SUPPLIED DATA –
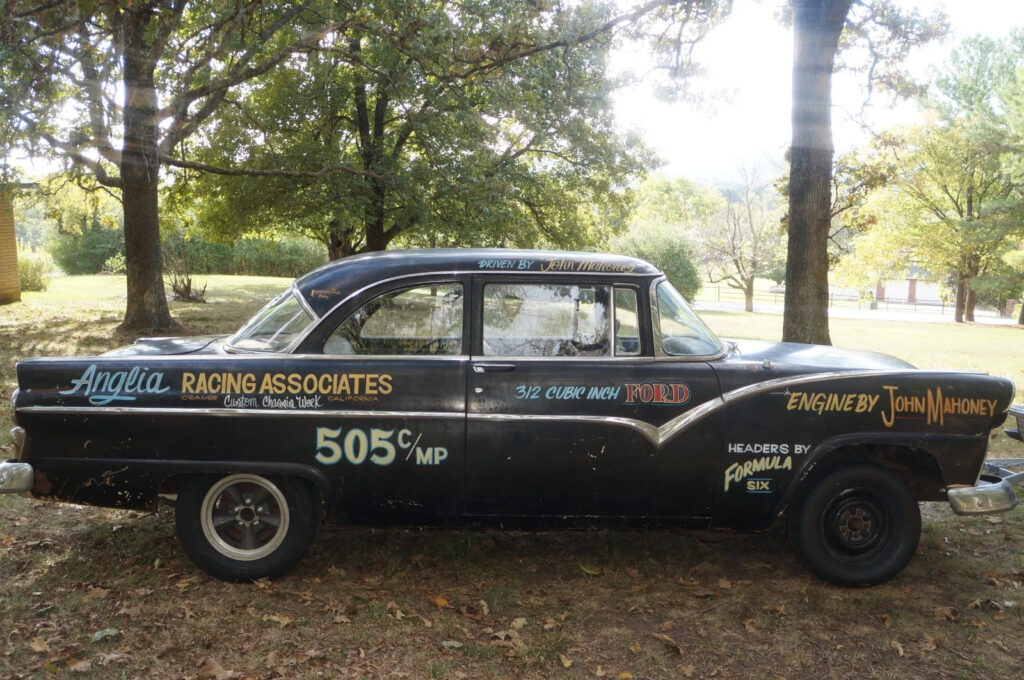 1955 Ford Fairlane 2 Door Hardtop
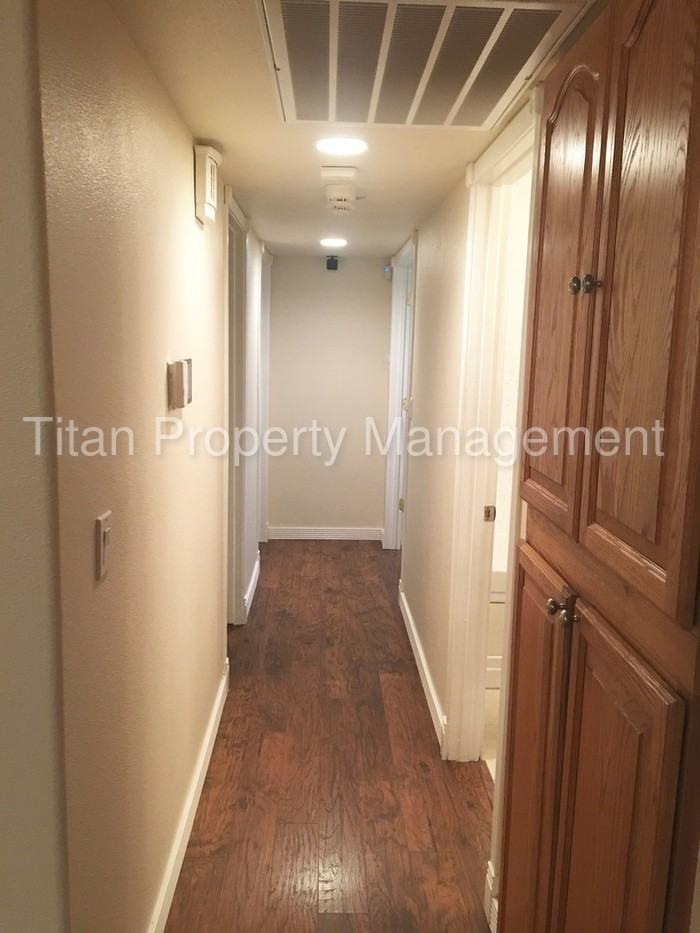 8337 Blayden Ct - Photo 3 of 11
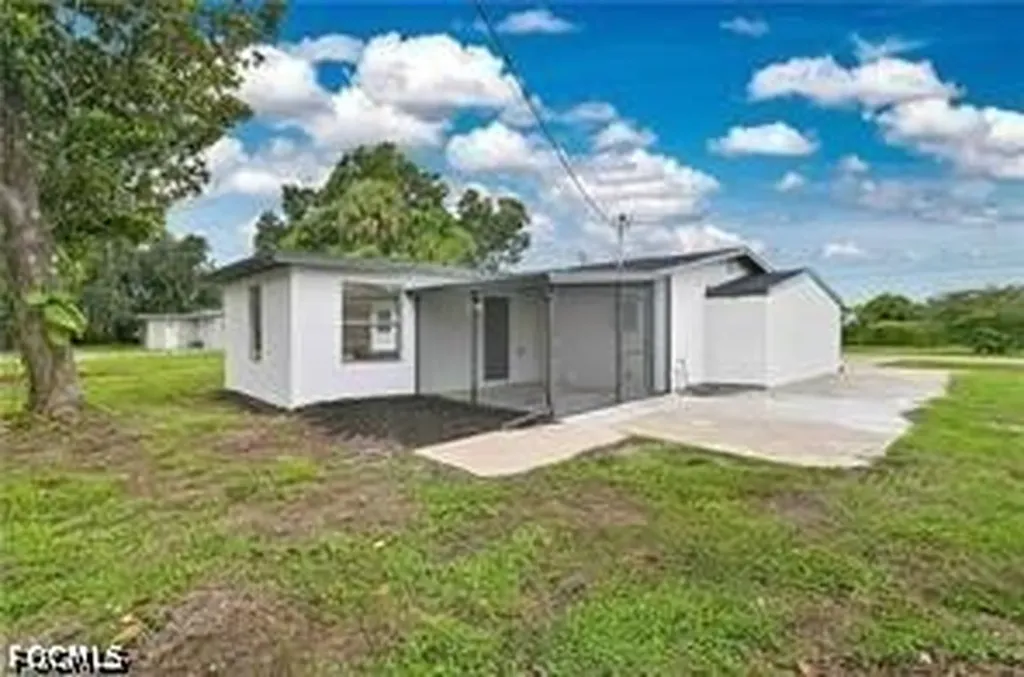 26 Maple Avenue N Lehigh Acres FL 33936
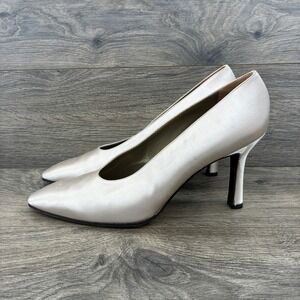 Yves Saint Laurent YSL Size 10 Pointed Toe Heels Leather Made in Italy 10M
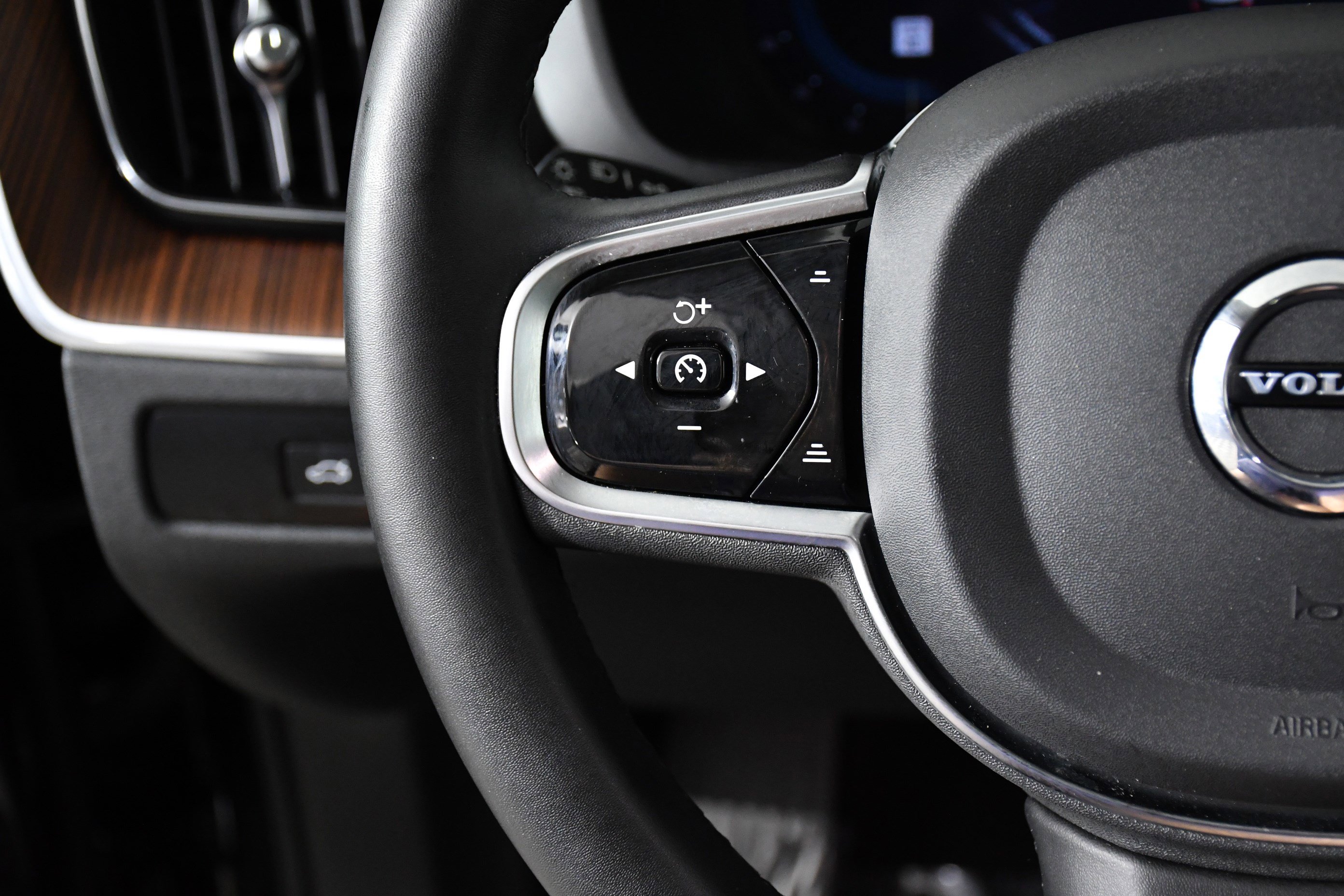 Used 2024 Volvo XC60 B5 Plus image 11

WORK INSTRUCTIONS –
Give the entries above again in full and exactly, but not the pictures.

SOLVED EXERCISE –
 1955 Ford Fairlane 2 Door Hardtop
 8337 Blayden Ct - Photo 3 of 11
 26 Maple Avenue N Lehigh Acres FL 33936
 Yves Saint Laurent YSL Size 10 Pointed Toe Heels Leather Made in Italy 10M
 Used 2024 Volvo XC60 B5 Plus image 11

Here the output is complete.